What the task requires.
In the records below, the relevant part opens with the line containing "Hello everyone, this" and closes with the line containing "Usually I'll cleanse"; print that part exactly and only, without its pictures.

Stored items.
-- Opening Marker --

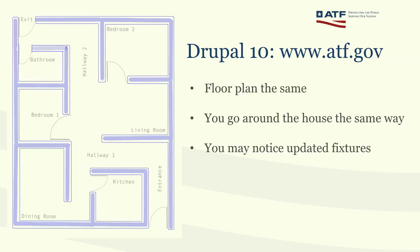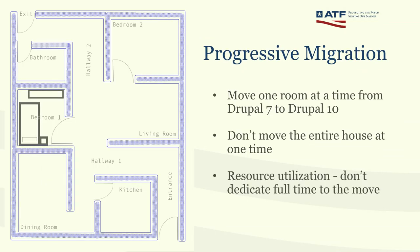The floor plan of the Drupal 10 house looks the same — same information architecture, walls in the same place as in the Drupal 7 site — you can find your way easily. But you may notice updated features: fresh paint, new windows, small things like that. Progressive migration means we're going to migrate the site from Drupal 7 to Drupal 10 in sections — we're going to do the move one room at a time. That way we can manage our resources, both human resources and time.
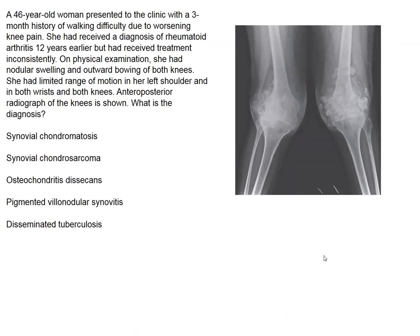Journal Club for this week. The image shown in the New England Journal concerns a 46-year-old woman who presented with a three-month history of walking difficulty.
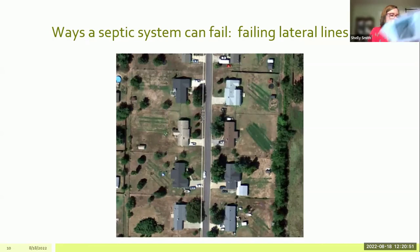Failures can also happen in lateral lines. This is an aerial view from the health department of a subdivision in Lowell where you can clearly see the lateral lines in the backyard of these homes. Generally you should not be able to see the lateral lines, but what you can see here is very well-watered and fertilized grass growing right over where the lines are. That tells us water was not able to move through the lines and into the soil as designed. We do see a number of homeowners come to us with failed lateral lines, and that is something we're able to help correct.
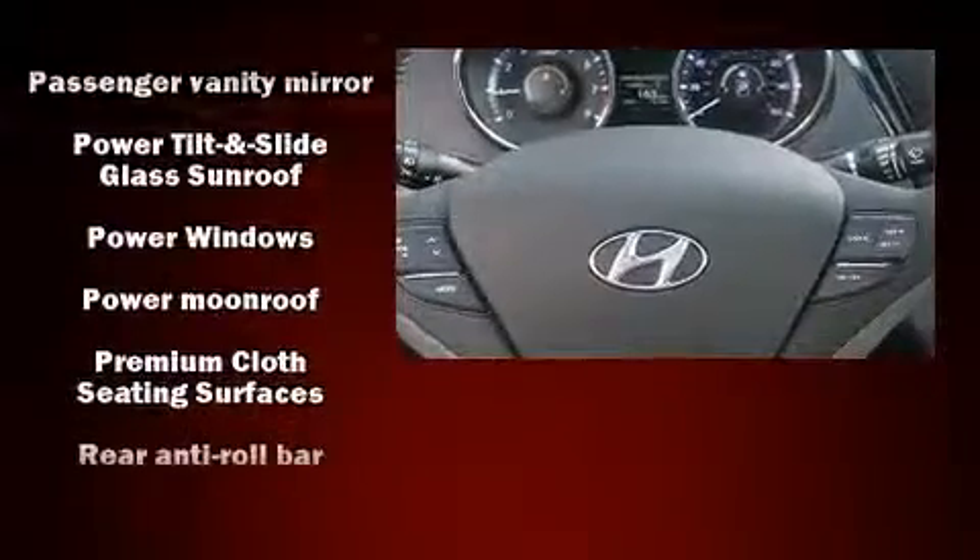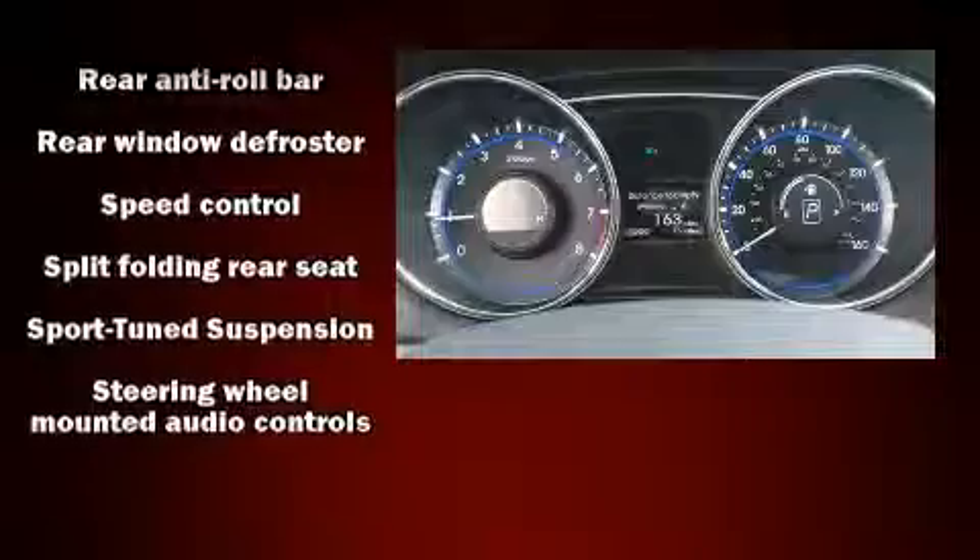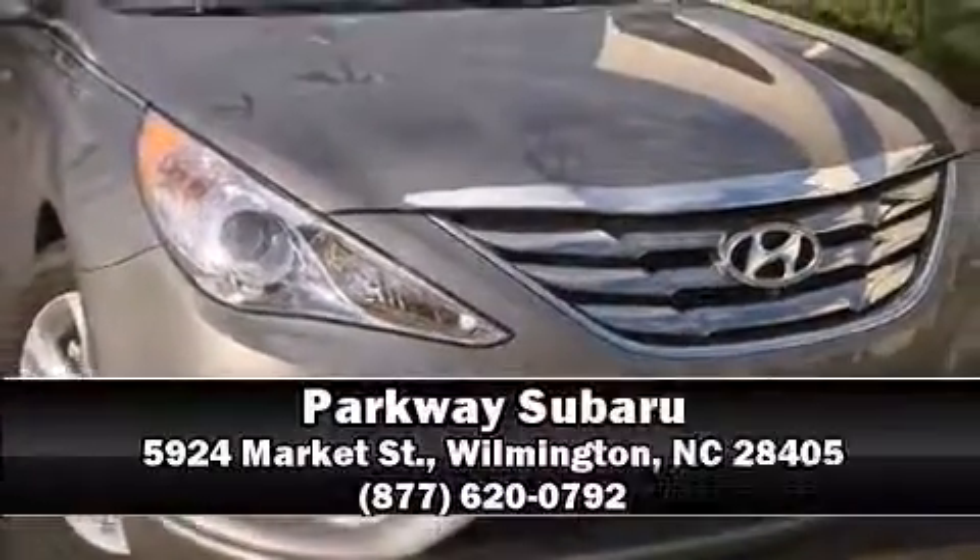With side curtain airbags supplementing the rest of the safety network, you can be assured that you and your passengers will experience top-tier protection. We'd love to show you this vehicle in person — call to schedule a test drive today.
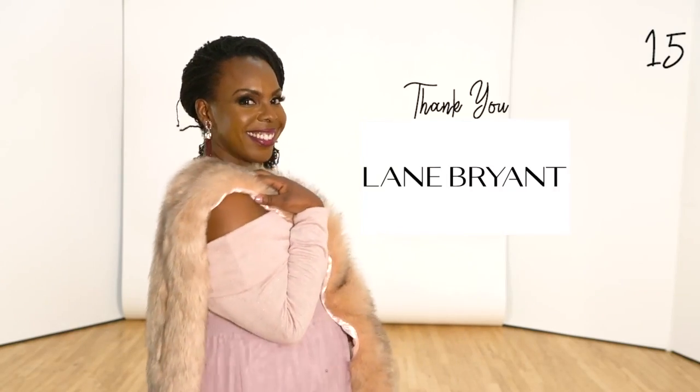This video is a collaboration with my friends at Lane Bryant. I got each fabulous piece from lanebryant.com and each item I'm wearing will be linked down below in the description box.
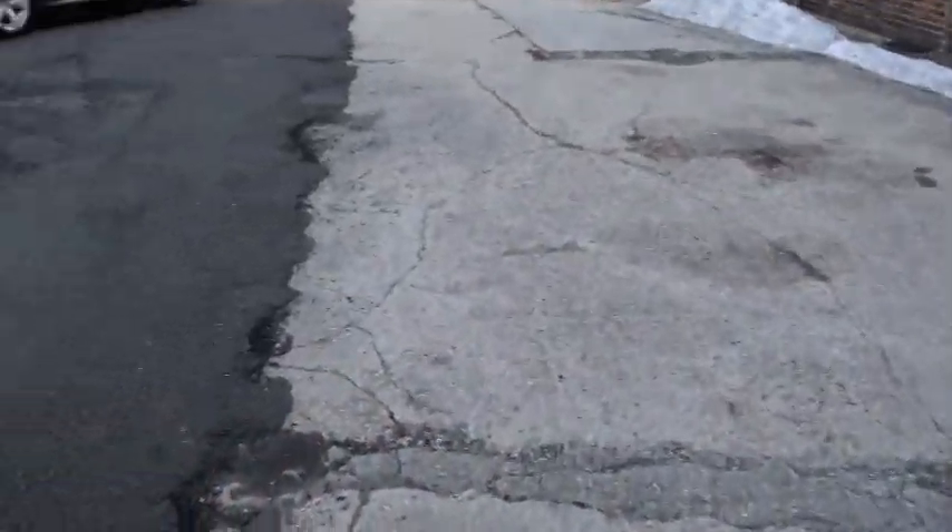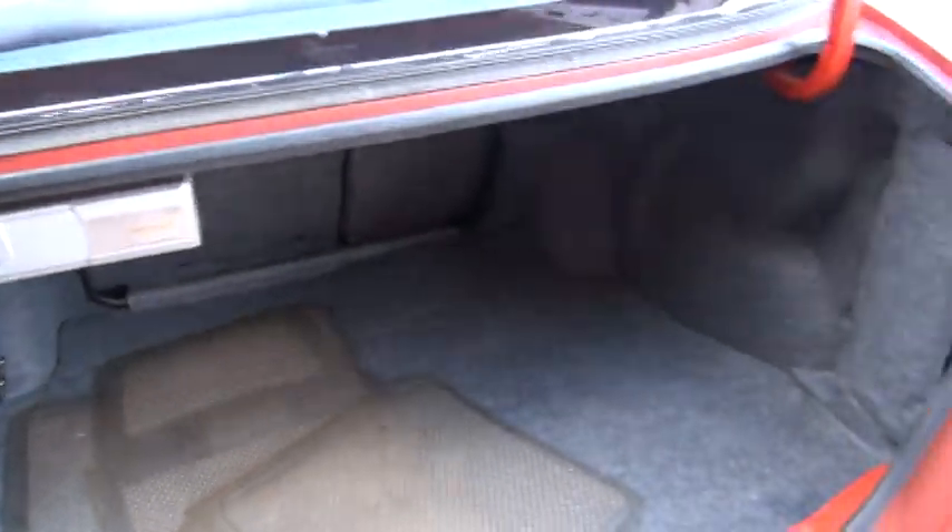Take a look in the boot. Aftermarket Alpine CD changer, 60-40 split in there.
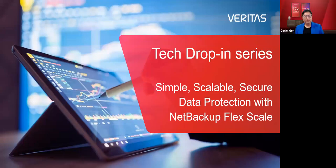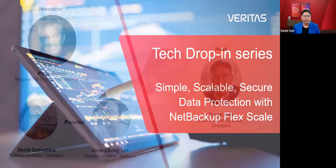Welcome everybody to this edition of the Tech Drop-Ins. We haven't been catching up for probably a month, but today we are very excited to share how we're going to reduce a lot of the complexity with our scale-out solutions with NetBackup Flex Scale. We're going to simplify things, especially for a lot of existing NetBackup customers.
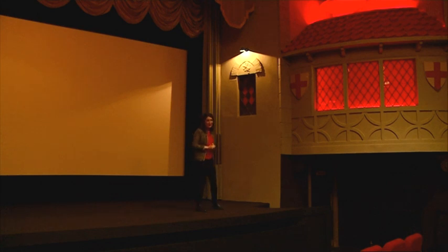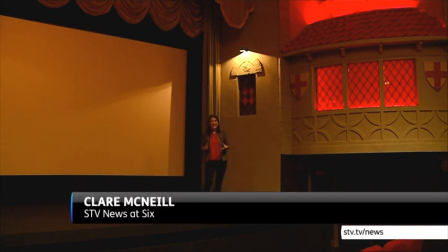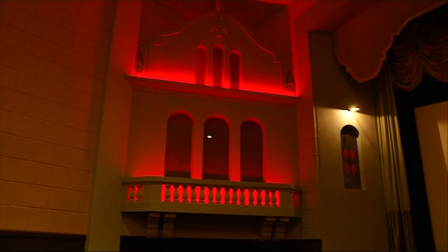This picture house was designed as an atmospheric cinema, a very popular trend at the time, which gave the impression of being outside in an exotic Mediterranean garden or courtyard. The screen here had a sky painted on the ceiling with moving white clouds projected across it, and on either side of the screen were structures known here as wee hooses.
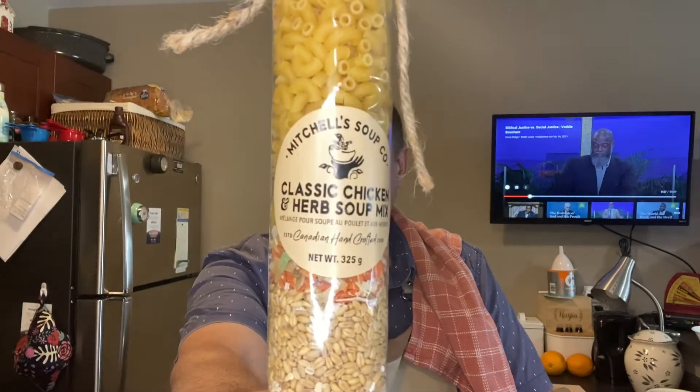Hello everyone, this is Kevin the homemaker husband. It's Saturday, July 10th, 2021. This morning, Michelle and I are going to make Mitchell's Classic Chicken and Herb Soup. This is sort of a product review. Michelle's two favorite foods are lobster and homemade soup, so this product has a very high standard to uphold.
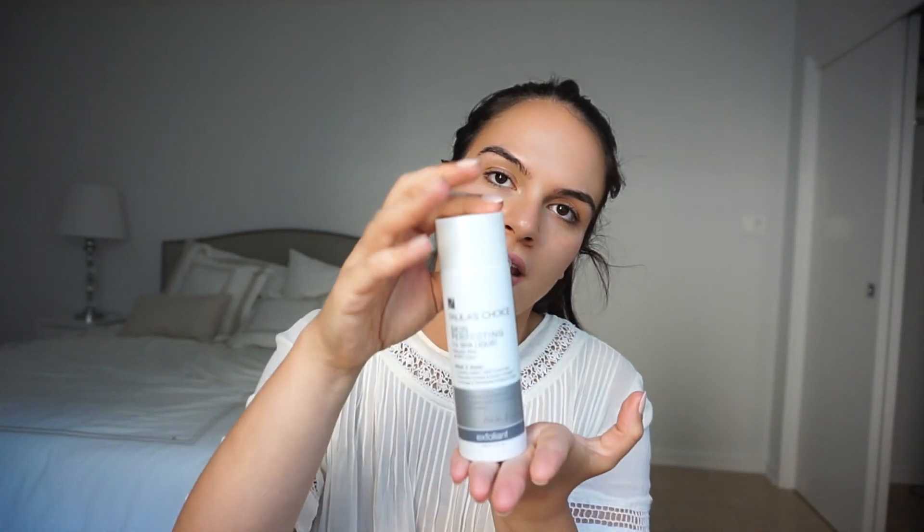Usually I'll cleanse my face, put on a makeup remover cleansing water solution, and then apply the BHA liquid. I don't really use a traditional toner — if I do, it's currently a rose water mist to hydrate the skin and test what all the hype is about. But yeah, this BHA liquid is definitely a part of my routine and I've been using it for years and will never stop.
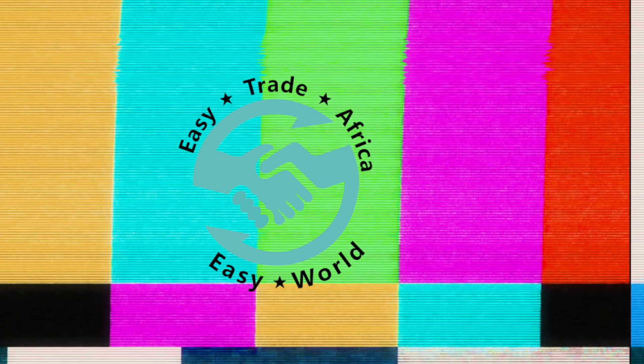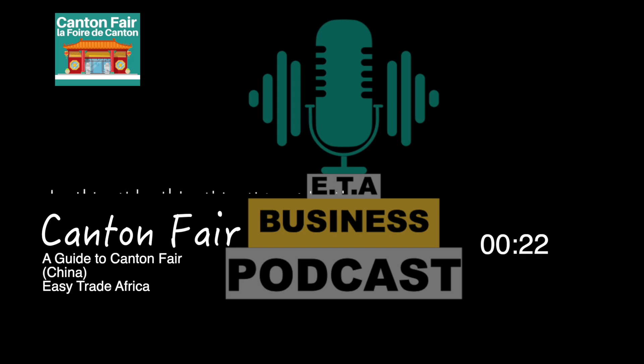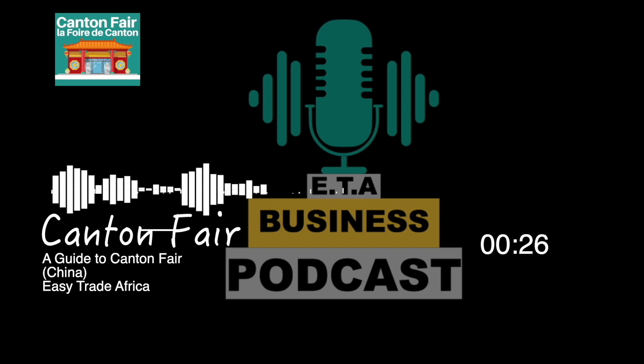But fear not, because Easy Trade Africa is here to help you. If you are looking to do business in China, Easy Trade Africa is the perfect partner for you. With all assistance, you can navigate the Canton Fair and simplify your purchases in China.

-- Closing Marker --

Task response.
Hello everyone, this is Kevin the homemaker husband. It's Saturday, July 10th, 2021. This morning, Michelle and I are going to make Mitchell's Classic Chicken and Herb Soup. This is sort of a product review. Michelle's two favorite foods are lobster and homemade soup, so this product has a very high standard to uphold.
Usually I'll cleanse my face, put on a makeup remover cleansing water solution, and then apply the BHA liquid. I don't really use a traditional toner — if I do, it's currently a rose water mist to hydrate the skin and test what all the hype is about. But yeah, this BHA liquid is definitely a part of my routine and I've been using it for years and will never stop.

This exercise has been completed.